- [Web page caption snippets]:
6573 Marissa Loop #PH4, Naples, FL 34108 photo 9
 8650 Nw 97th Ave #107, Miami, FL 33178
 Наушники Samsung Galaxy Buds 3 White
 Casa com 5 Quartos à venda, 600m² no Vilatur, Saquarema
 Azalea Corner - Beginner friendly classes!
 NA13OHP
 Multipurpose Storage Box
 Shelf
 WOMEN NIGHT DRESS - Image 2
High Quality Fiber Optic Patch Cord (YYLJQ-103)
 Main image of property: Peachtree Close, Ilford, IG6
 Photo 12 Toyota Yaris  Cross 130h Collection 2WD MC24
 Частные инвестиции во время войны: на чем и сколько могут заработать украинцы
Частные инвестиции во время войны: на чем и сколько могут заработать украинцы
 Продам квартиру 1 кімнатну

- [ACTIVITY]: Scan the lines above, and whenever one holds the string "войны", copy it.

- [RESPONSE]:
 Частные инвестиции во время войны: на чем и сколько могут заработать украинцы
Частные инвестиции во время войны: на чем и сколько могут заработать украинцы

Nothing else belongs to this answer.